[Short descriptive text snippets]

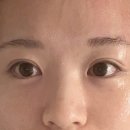 거룡6길 1, (용산동) | [충주 에스테틱 추천] 충주 피부관리 맛집 '원스킨'에서 홍조 톤업 리프팅까지 솔직 후기 !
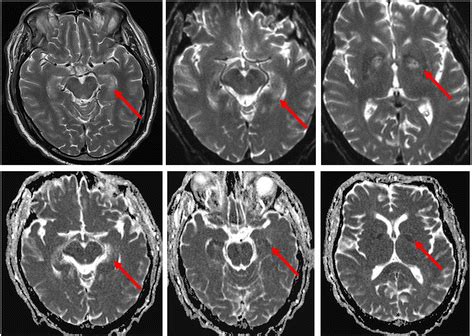 Clinical pathophysiology of hypoxic ischemic brain injury after cardiac arrest: a “two-hit ...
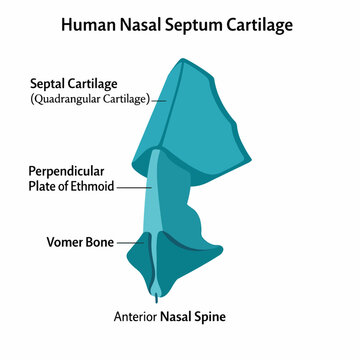Print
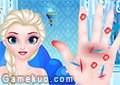 冰雪奇緣艾莎手凍傷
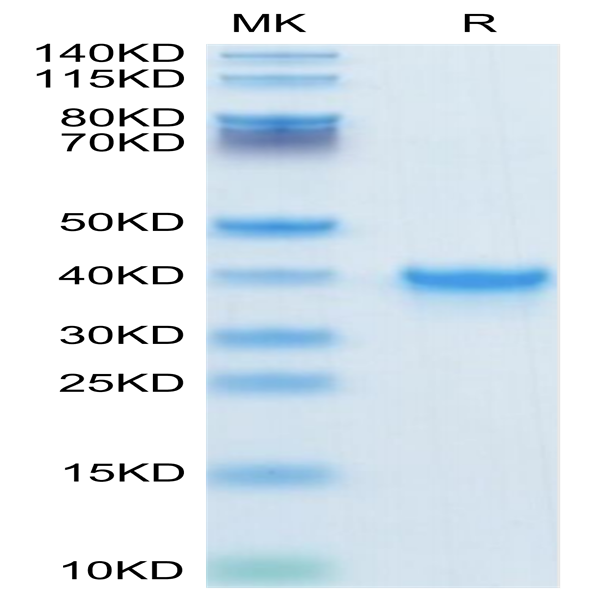 Human TGF-alpha Protein (TGF-HM201)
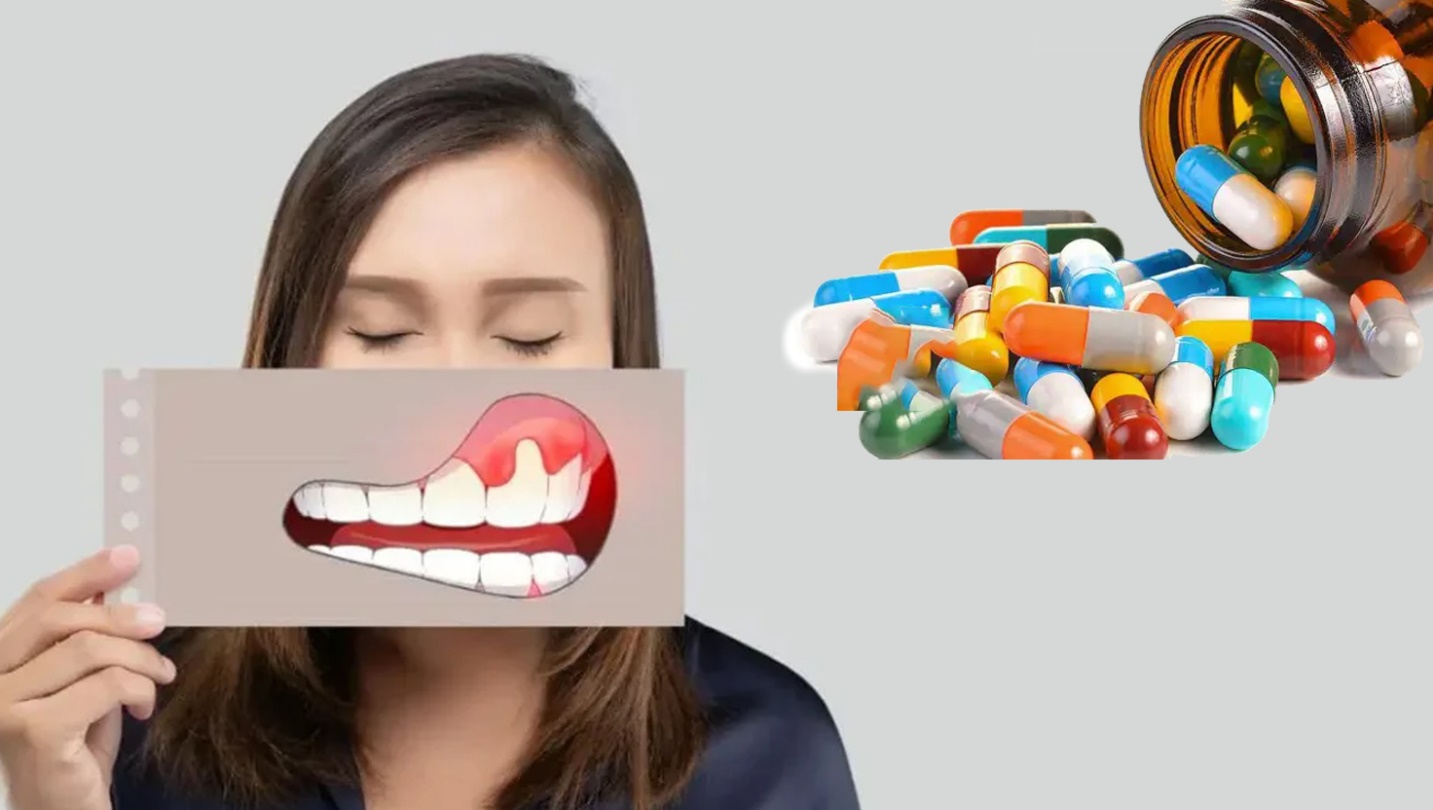 نقش آنتی بیوتیک ها در پیشگیری از عفونت ایمپلنت 2 درمان خانگی عفونت ایمپلنت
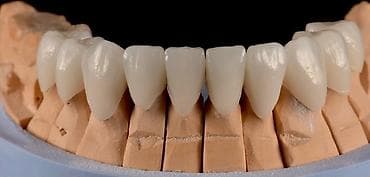 Paltar tikişi: Salam hörmətli və dəyərli Diş Həkimlərimiz.mən diş Texnikiyem.Bakının — 2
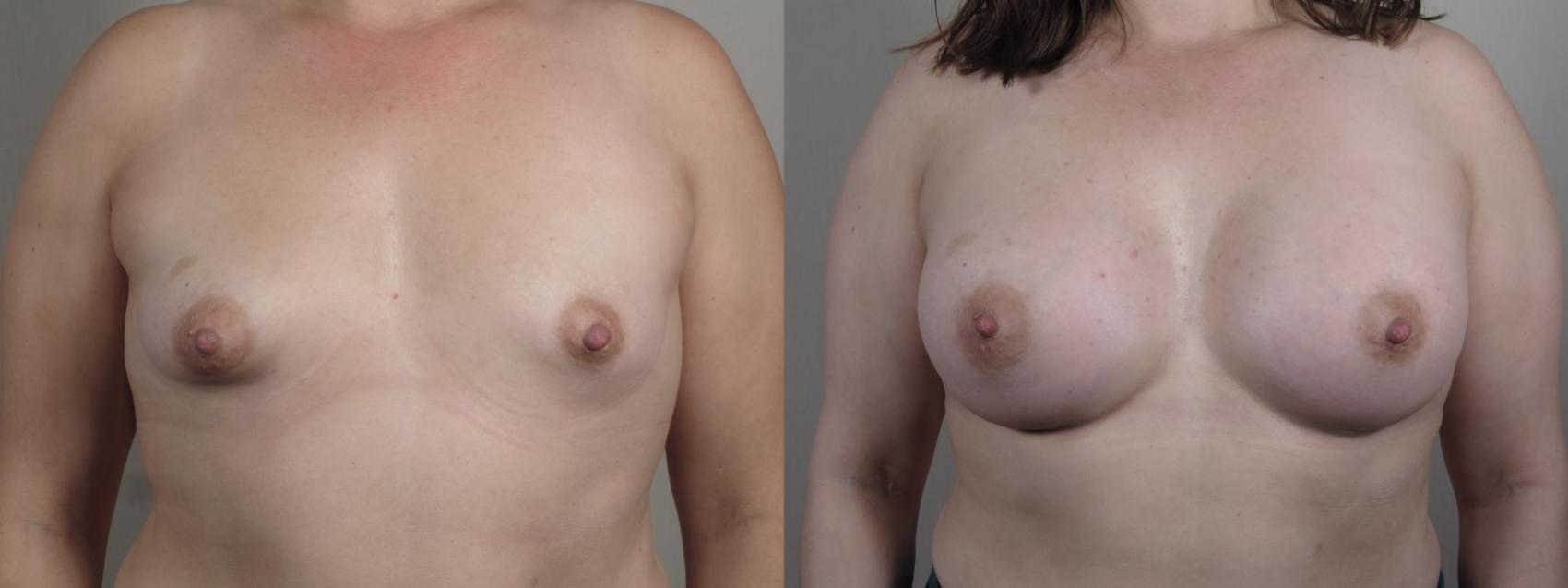 Breast Asymmetry Case 1008 Before & After Front | Paramus, New Jersey | Parker Center for Plastic Surgery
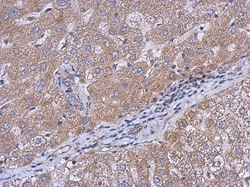 CEECAM1 Antibody, Novus Biologicals 0.1mL; Unlabeled:Antibodies, Polyclonal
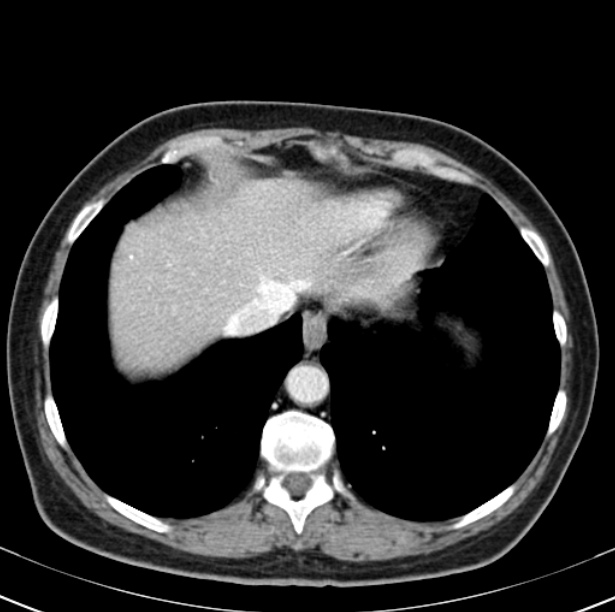 Colon carcinoma with hepatic metastases (Radiopaedia 29477-29961 A 12).jpg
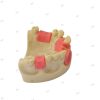 Side angle of dental implant practice model showing tooth gaps, removable teeth, and gum simulation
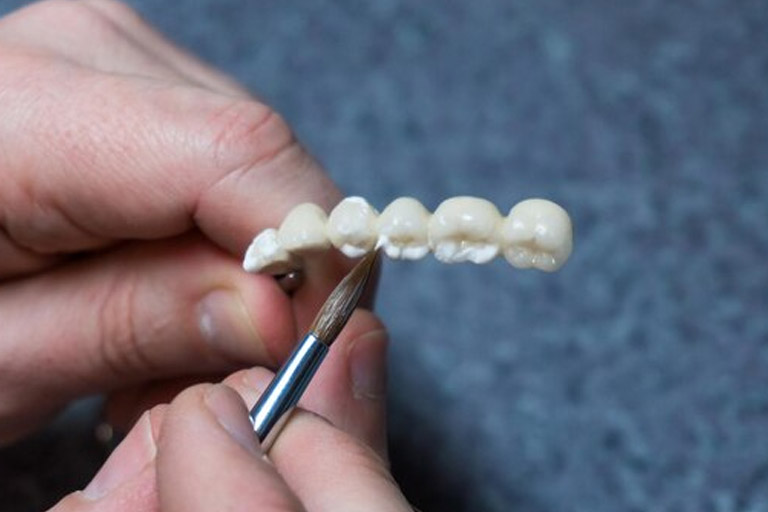 ¿Qué es mejor: prótesis o puente?. Clínica Bousoño Vargas, Implantes dentales en Oviedo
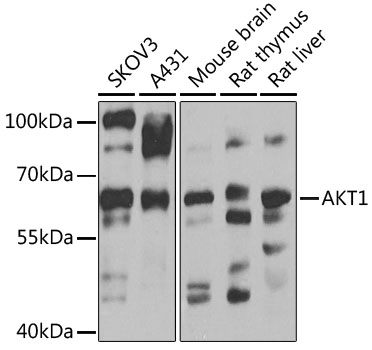 AKT1 Antibody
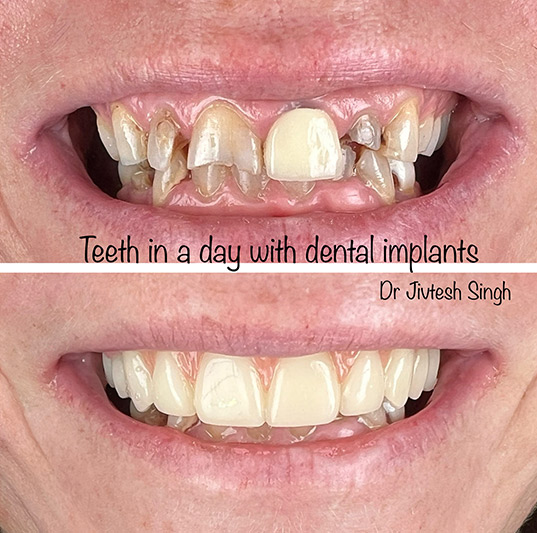 Implant Dental in 11967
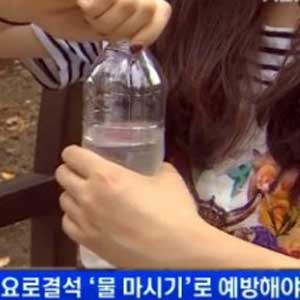 요로결석 원인 사진. MBN 뉴스캡처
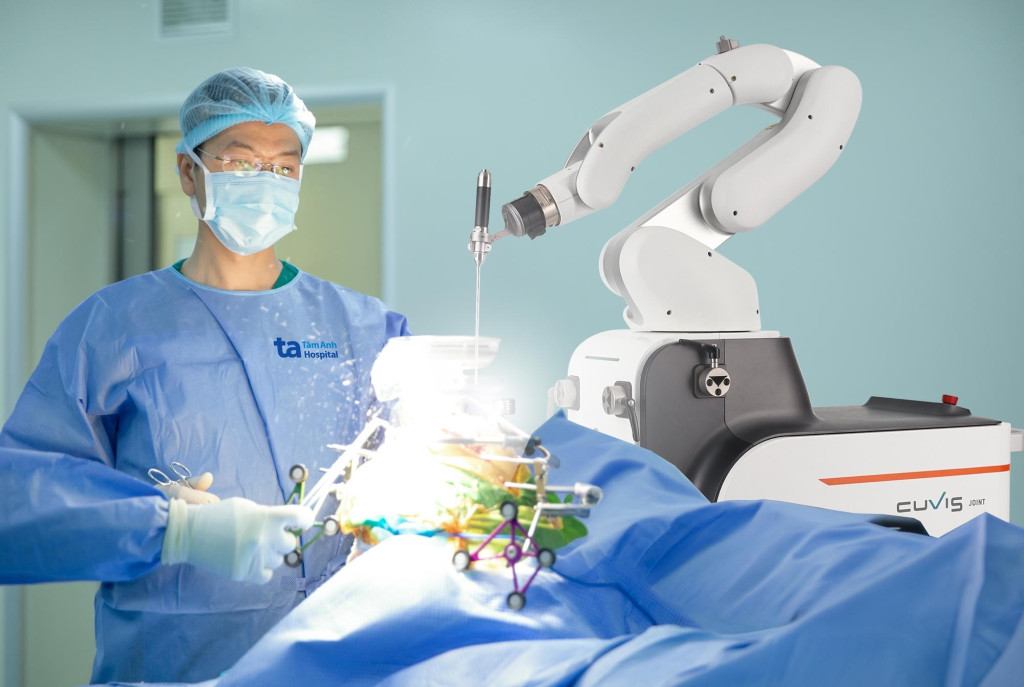 Cánh tay Robot CUVIS-Joint chủ động cắt xương chuẩn xác từng milimet theo kế hoạch (Ảnh: BVĐK Tâm Anh)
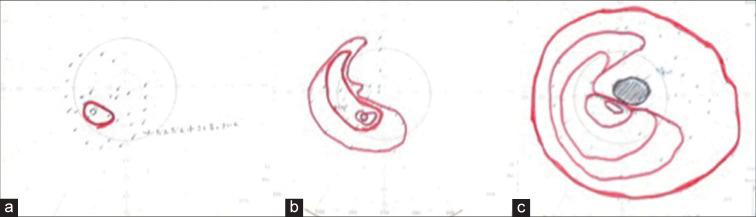 https://cdn.ncbi.nlm.nih.gov/pmc/blobs/1775/10408612/1558c04a223d/SNI-14-245-g005.jpg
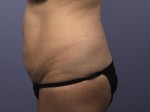 Liposuction Before and after photo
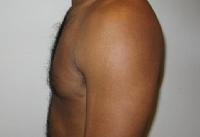 before after liposuction male chest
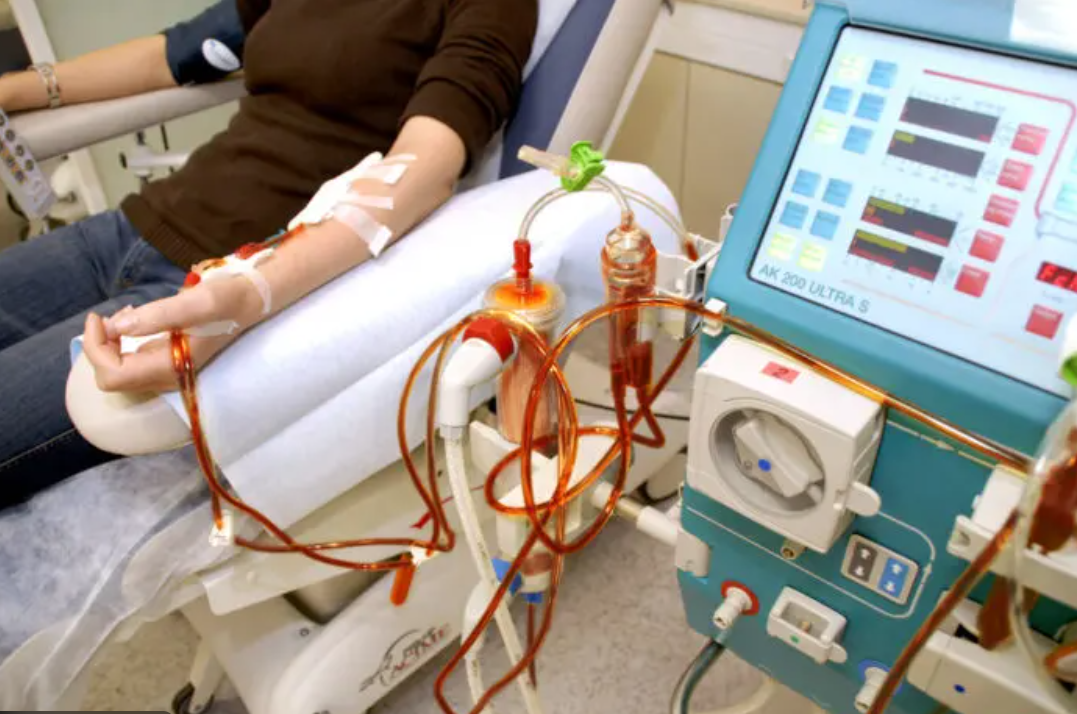 신장 질환 환자를 위한 투석 치료 정리, 절차 및 주의할 점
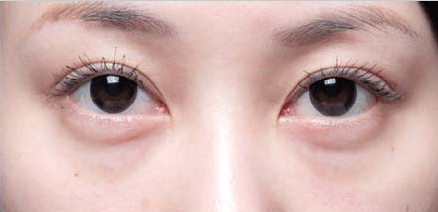 还有什么比超 声 波去眼袋更快速去除眼袋得呢? 还有什么比超 声 波去眼袋更快速去除眼袋得呢?
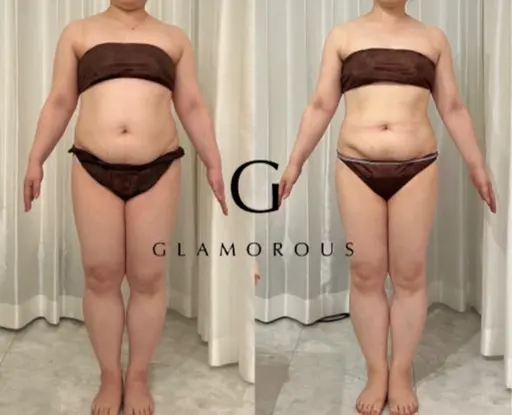 熊本|何しても痩せない女性専用本気の体質改善ダイエット体験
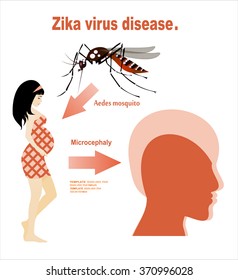 Microcephaly or Abnormal Smallness of the Head Concept. The Zika Fever Virus is linked to microcephaly birth defect cases from pregnant women bitten by Aedes aegypti mosquitoes.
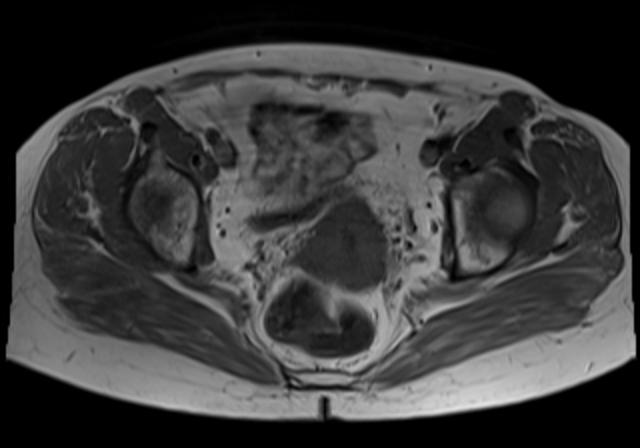 File:Cervical carcinoma (Radiopaedia 88312-104943 Axial T1 13).jpg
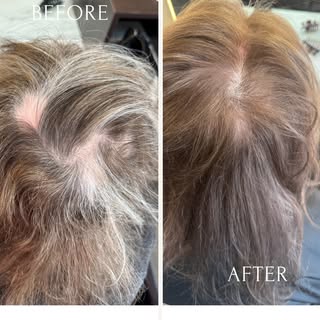 ✨ From self-conscious to confident — this is the power of SMP. ✨
⁣
Alopecia can impact more than jus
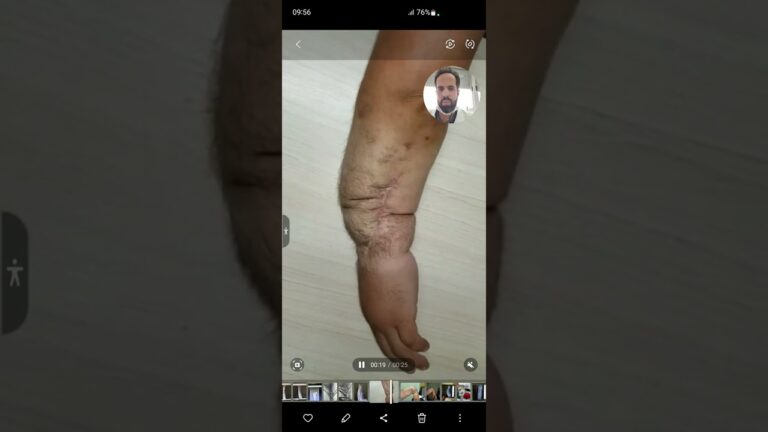 Tratamento e recuperação de fratura de antebraço: Guia completo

About this exercise | From the line holding "نقش آنتی بیوتیک" to the line holding "CEECAM1 Antibody, Novus", both included, retype the entries above exactly and drop the pictures.

Result of this exercise |
 نقش آنتی بیوتیک ها در پیشگیری از عفونت ایمپلنت 2 درمان خانگی عفونت ایمپلنت
 Paltar tikişi: Salam hörmətli və dəyərli Diş Həkimlərimiz.mən diş Texnikiyem.Bakının — 2
 Breast Asymmetry Case 1008 Before & After Front | Paramus, New Jersey | Parker Center for Plastic Surgery
 CEECAM1 Antibody, Novus Biologicals 0.1mL; Unlabeled:Antibodies, Polyclonal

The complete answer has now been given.